Salesforce Bulk API 2.0
The Salesforce Bulk API 2.0 origin reads existing data from Salesforce using Salesforce Bulk API 2.0. To read from Salesforce with the SOAP or Bulk API, or to subscribe to notifications, use the Salesforce origin. For information about supported versions, see Supported Systems and Versions in the Data Collector documentation.
When you configure the Salesforce Bulk API 2.0 origin, you specify the authentication to use. You can also use a connection to configure the origin.
When processing existing data, you configure the SOQL query, offset field, and optional initial offset to use. The origin can perform a full or incremental read at specified intervals. And under certain circumstances, the origin can also process deleted records.

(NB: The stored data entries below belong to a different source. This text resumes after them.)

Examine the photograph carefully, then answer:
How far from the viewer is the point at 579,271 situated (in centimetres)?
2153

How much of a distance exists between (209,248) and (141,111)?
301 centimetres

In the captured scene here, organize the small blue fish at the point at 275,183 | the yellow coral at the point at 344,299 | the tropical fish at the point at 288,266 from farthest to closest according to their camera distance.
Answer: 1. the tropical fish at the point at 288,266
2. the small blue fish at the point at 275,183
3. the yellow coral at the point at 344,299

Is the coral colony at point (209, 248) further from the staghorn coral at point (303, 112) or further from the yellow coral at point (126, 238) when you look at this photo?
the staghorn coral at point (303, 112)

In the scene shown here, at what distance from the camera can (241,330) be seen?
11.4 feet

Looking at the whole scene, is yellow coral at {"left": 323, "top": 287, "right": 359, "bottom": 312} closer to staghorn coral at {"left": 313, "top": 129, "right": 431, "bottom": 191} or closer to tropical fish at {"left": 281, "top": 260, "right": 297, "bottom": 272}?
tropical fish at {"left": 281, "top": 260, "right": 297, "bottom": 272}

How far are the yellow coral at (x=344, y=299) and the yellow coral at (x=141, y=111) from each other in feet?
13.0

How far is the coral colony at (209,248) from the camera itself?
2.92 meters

The Salesforce Bulk API 2.0 origin can use multiple threads to process query result sets in parallel.
By default, the origin generates Salesforce record header attributes and Salesforce field attributes that provide additional information about each record and field.

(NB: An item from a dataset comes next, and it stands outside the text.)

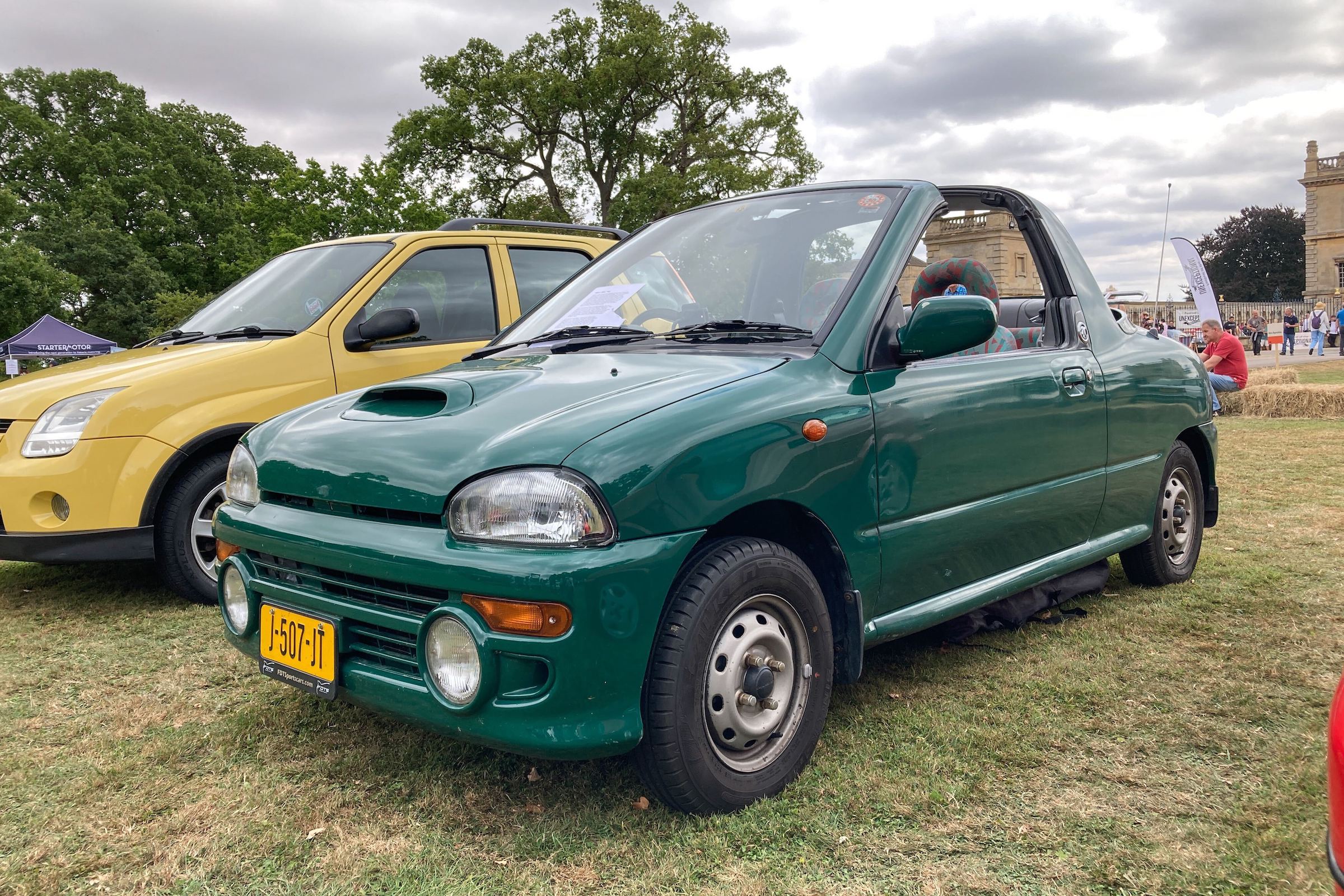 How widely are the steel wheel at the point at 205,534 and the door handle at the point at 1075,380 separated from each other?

You can specify the prefix to use for Salesforce attributes, or you can disable attribute generation entirely. You can also configure other advanced options, such as disabling query validation or using mutual authentication and an HTTP proxy for the connection.
The origin can generate events for an event stream. For more information about dataflow triggers and the event framework, see Dataflow Triggers Overview.
Querying Data
The Salesforce Bulk API 2.0 origin executes a query to read existing data from Salesforce. Use the Salesforce Object Query Language (SOQL) to write the query.

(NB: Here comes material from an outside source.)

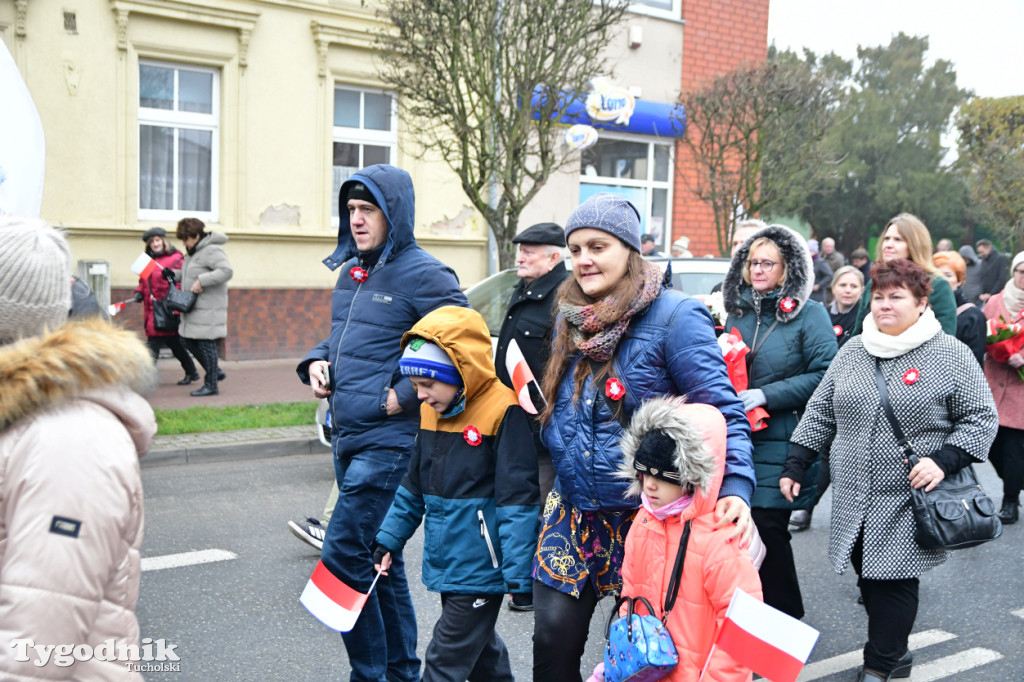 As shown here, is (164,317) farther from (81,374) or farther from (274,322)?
(81,374)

The Salesforce Bulk API 2.0 origin uses an offset field and an initial offset
or start ID to determine where to start reading data within an object. By default, the
offset field is defined as the Salesforce Id
system field, which
contains a unique identifier for each record in a Salesforce object.
You can configure the maximum number of columns that the query can return and the maximum number of seconds that the origin waits for a response from the query.
Salesforce Bulk API 2.0 is an asynchronous API. The origin creates a query job, and periodically polls Salesforce until the job is complete. Salesforce returns query results in one or more result sets. Result sets can be processed in parallel by enabling multithreaded processing.
If the pipeline stops before it finishes reading all data, the Salesforce Bulk API 2.0 origin saves the last read offset value. When the pipeline starts again, the origin uses the last read offset value to continue processing from where it stopped. You can reset the origin to process all requested objects.
Unlike the Salesforce origin, the Salesforce Bulk API 2.0 origin does not stop the pipeline when an initial query is complete. To stop the pipeline automatically, enable the origin to generate events and use the Pipeline Finisher executor. For more information, see Event Generation.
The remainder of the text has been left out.